Correspondence to Jin-Hyuk Kim.

Additional information

Duc-Anh Nguyen is an integrative student of the University of Science and Technology (UST) and he works at the Korea Institute of Industrial Technology (KITECH) Campus, Korea. He received his Bachelor’s degree in aerospace engineering from Ha Noi University of Science and Technology (HUST), Viet Nam, in 2020. His research interests include computational fluid dynamics, turbomachinery, and heat transfer.

Sang-Bum Ma received his Ph.D. degree from Inha University, Republic of Korea, in 2020. He is currently pursuing his research in fluids engineering at Korea Institute of Industrial Technology (KITECH), Republic of Korea. His researches were mainly for designing turbomachinery by using computational fluid dynamics and design optimization based on machine-learning.

Sung Kim received his Ph.D. degree in Fluid Engineering at Hanyang University, Korea, in 2019. He is currently a Senior Researcher in the Korea Institute of Industrial Technology (KITECH). His research interests are turbomachinery (pumps, fans, compressors, turbines, and pump-turbines) design, numerical analyses, optimization techniques, and experimental tests.

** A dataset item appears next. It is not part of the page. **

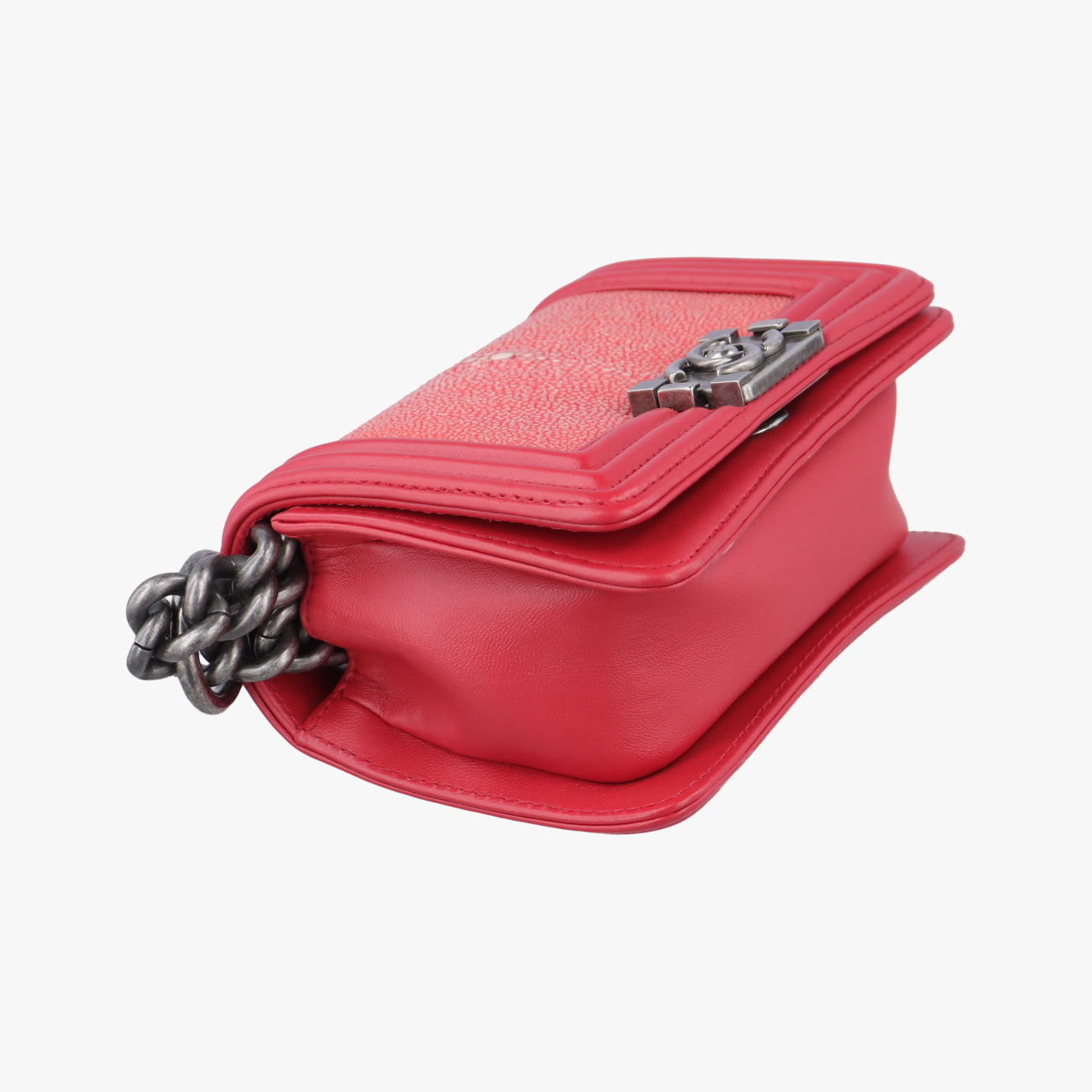 Vintage Chanel BOY CHANEL Red lambskin×Garrusha A66230 shoulderbag | stylenewstar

Jin-Hyuk Kim is currently a Principal Researcher at Korea Institute of Industrial Technology (KITECH) and an Associate Professor at University of Science and Technology (UST), Korea. His research interests are fluid machinery (fans, compressors, pumps, hydraulic turbines, and pump-turbines) designs and developments; steady and unsteady numerical analyses; fluid induced vibrations; advanced optimization methods; flow measurements, flow visualizations, and experimental techniques.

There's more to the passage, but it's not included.